- **Activity**: All the entries need to be duplicated exactly, with the pictures omitted.

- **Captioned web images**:
────────────────

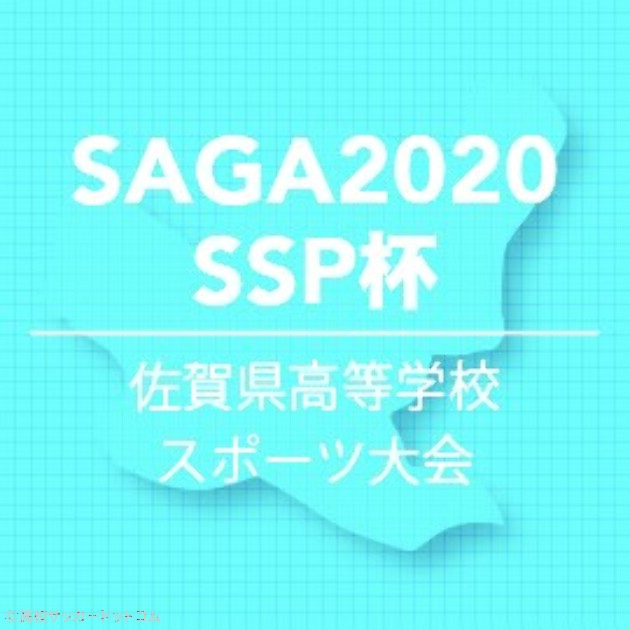 土壇場で追いついた佐賀商が龍谷をpk戦の末に下し代替大会制覇 高校サッカードットコム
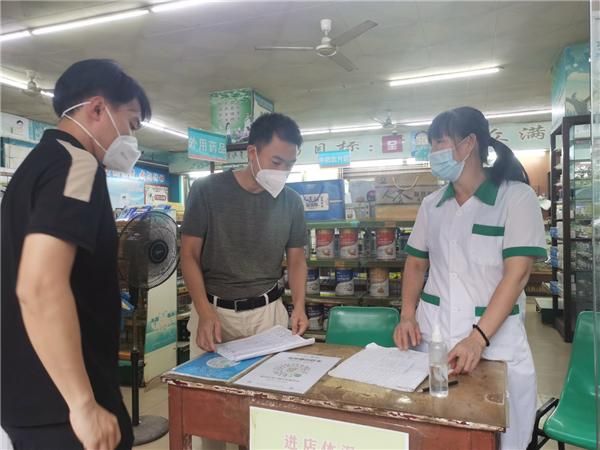  雷州近3天新增感染趋势结束:雷州最新疫情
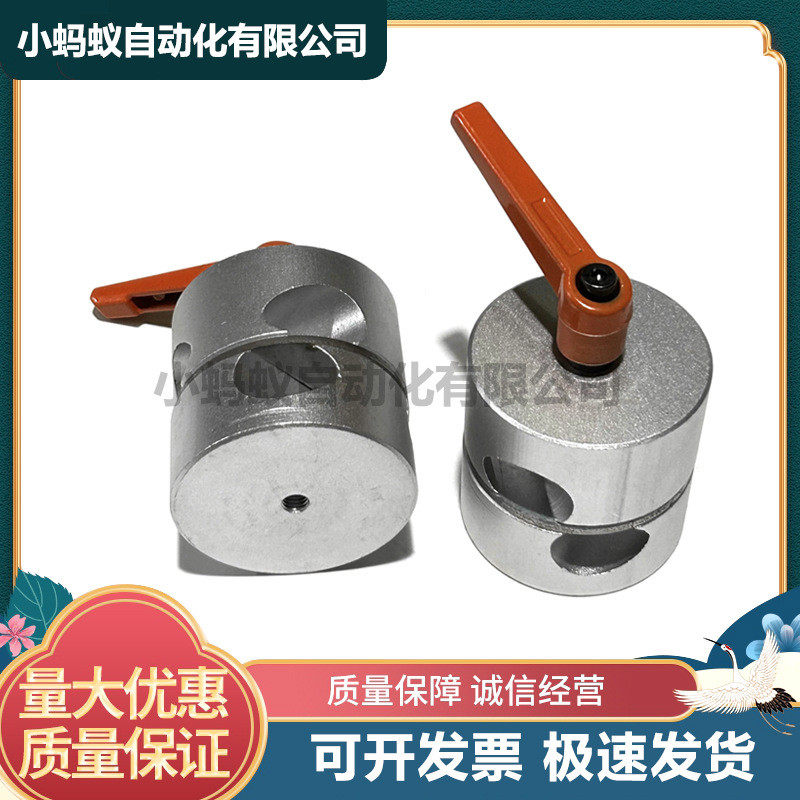 光轴度任意旋转固定夹支架光杆/可调角度圆柱配件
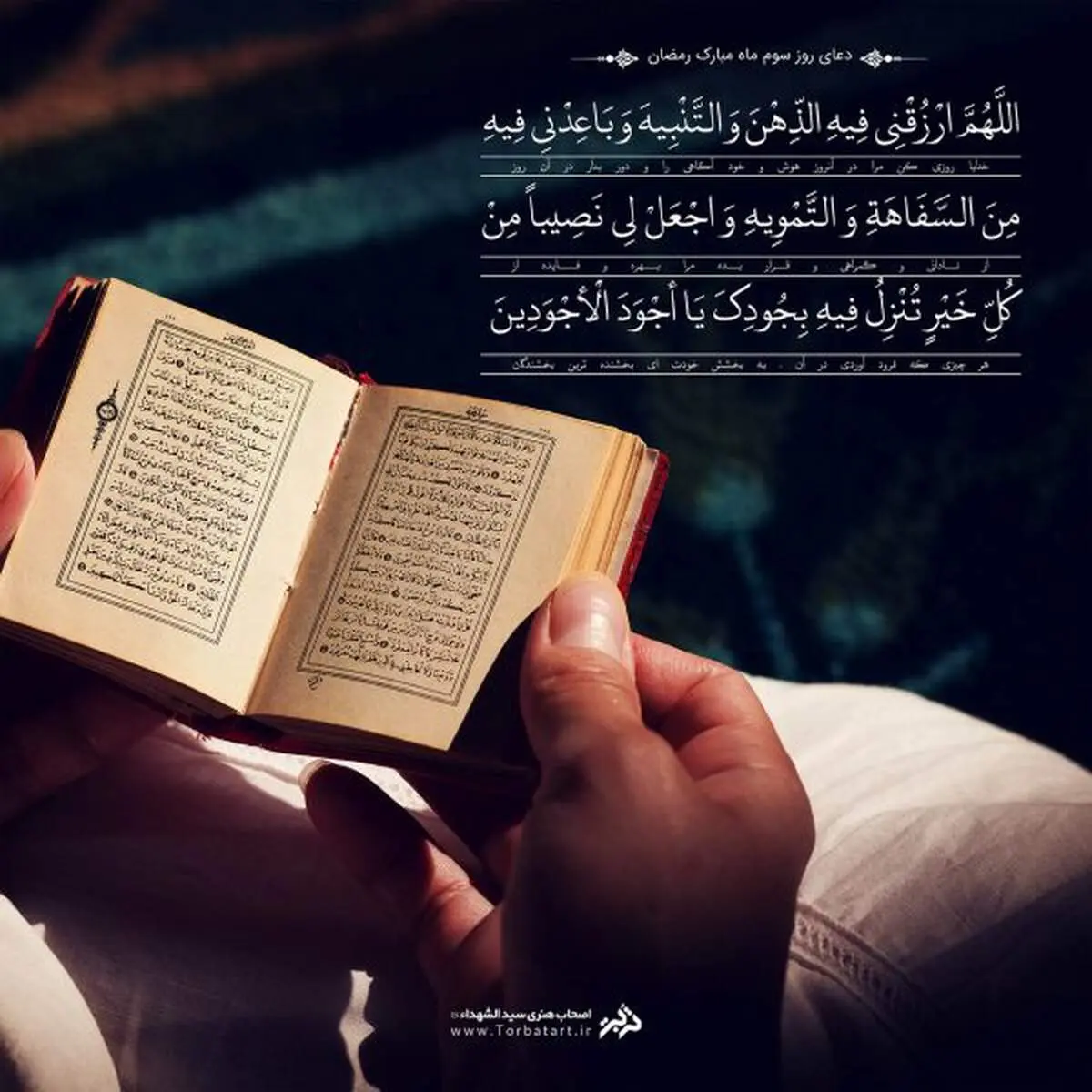 دعای روز سوم ماه مبارک رمضان/ فیلم
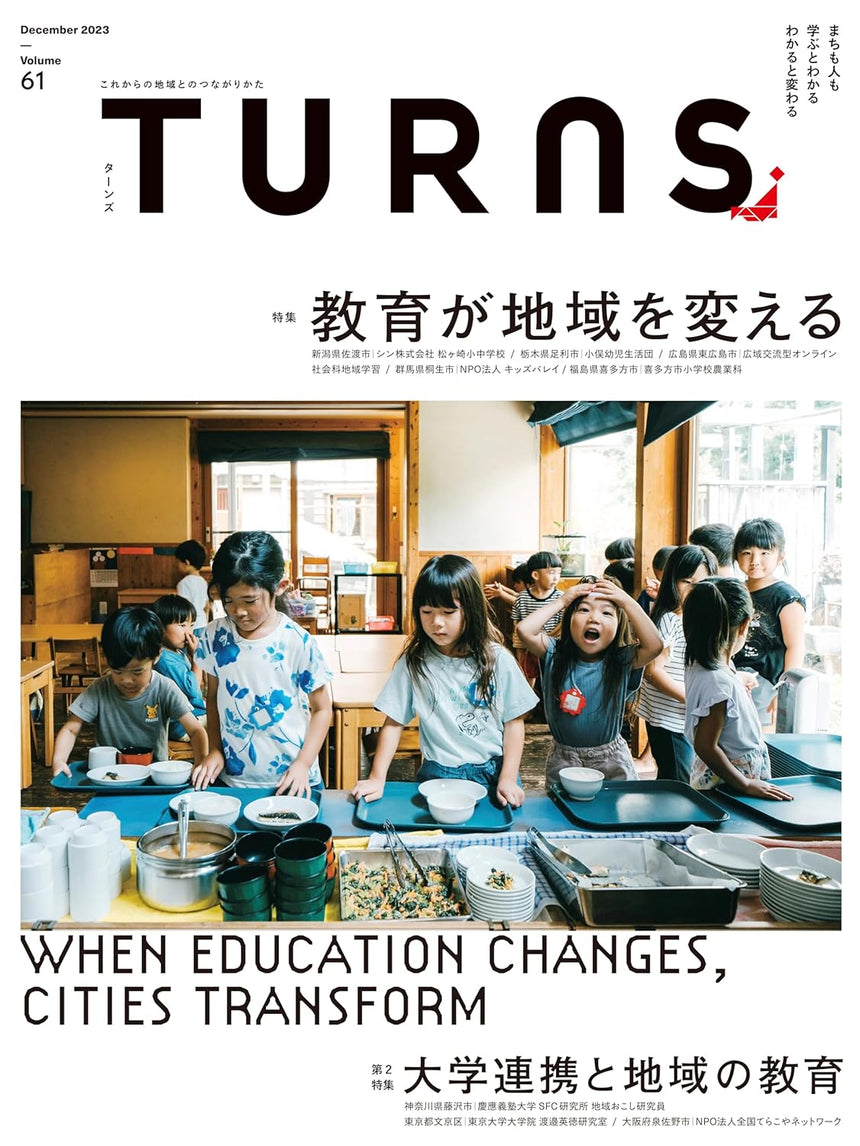 TURNS vol.61 教育が地域を変える|移住 田舎暮らし 地域活性化 地方創生 雑誌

────────────────

- **Solution below**:
 土壇場で追いついた佐賀商が龍谷をpk戦の末に下し代替大会制覇 高校サッカードットコム
  雷州近3天新增感染趋势结束:雷州最新疫情
 光轴度任意旋转固定夹支架光杆/可调角度圆柱配件
 دعای روز سوم ماه مبارک رمضان/ فیلم
 TURNS vol.61 教育が地域を変える|移住 田舎暮らし 地域活性化 地方創生 雑誌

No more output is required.